Microservices and Availability

I often hear the claim that microservices improve availability. However, when these systems are built naively, adding services actually reduces availability.

Take services, A, B, C, etc. which are dependencies of a service S which requires all of A, B, C… to be available to be available itself (this bit is important).

Take a to be the availability of A (and so on) in the range [0, 1] where 1 is the sevice is always available (100% availability) and 0 is never available. Note that this is the availability of the service as a whole, not individual instances of the service.

We can say a few things about the availability ceiling of S:

The best case availability of S is the lowest availability of its dependencies:

s = min(a, b, ...)

Given a random distribution of failures, the average availability ceiling of S is the availability of its dependencies multiplied together:

s = a × b × ...

The worst case of non-overlapping failures is:

s = max(0, 1 - ((1 - a) + (1 - b) + ...))

Not even the best case actually makes the availability of S better.
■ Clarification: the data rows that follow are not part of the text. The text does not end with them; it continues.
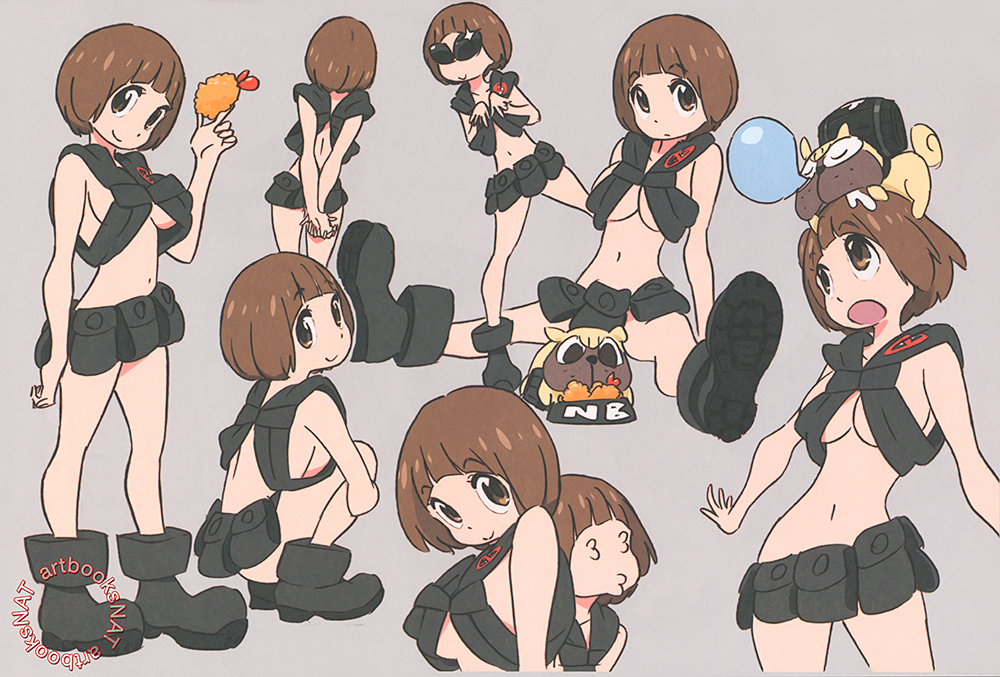 mako2.jpg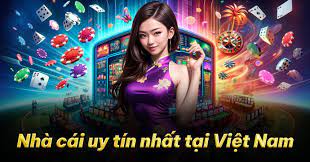 Lucky2u Các Trang Game Đánh Bài Online Đổi Tiền Mặt Tốt Nhất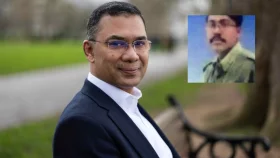 র&zwnj;্যাবের ক্রসফায়ারে নিহত রব্বানীর পরিবার পাচ্ছে নতুন বাড়ি
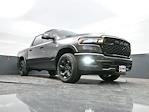 New 2026 Ram 1500 Big Horn Crew Cab 4x4 Pickup for sale #25T3240 - photo 41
Given that, and the observation that it’s practically impossible for a service to have 100% availability without a great deal of engineering effort, if you require all your services to be available to produce a useful result then adding additional services will reduce the overall availability of the system.

Take the example where service C depends on services A and B, either in breadth:

or in depth:

If A has an availability of 0.8 (80%) and B 0.95 (95%), C will have a best case of 0.8 (80%), an average case of 0.8 × 0.95 = 0.76 (76%), and a worst case of 1 - ((1 - 0.8) + (1 - 0.95)) = 0.75 (75%).

Another example: If you’re refactoring a service with 99% availability in to two services, you need each of the new services to have (on average) 99.5% availability in order to break even. Three services will need 99.7% availability. Anything less and you’ll be making things worse. I hope you have no-downtime deployments!

The crux of the issue is the interdependence of the services. This is always bad for availability. Microservices need to be carefully engineered not to have cascading failures and to be able to work as independently as possible for a chance at improving downtime.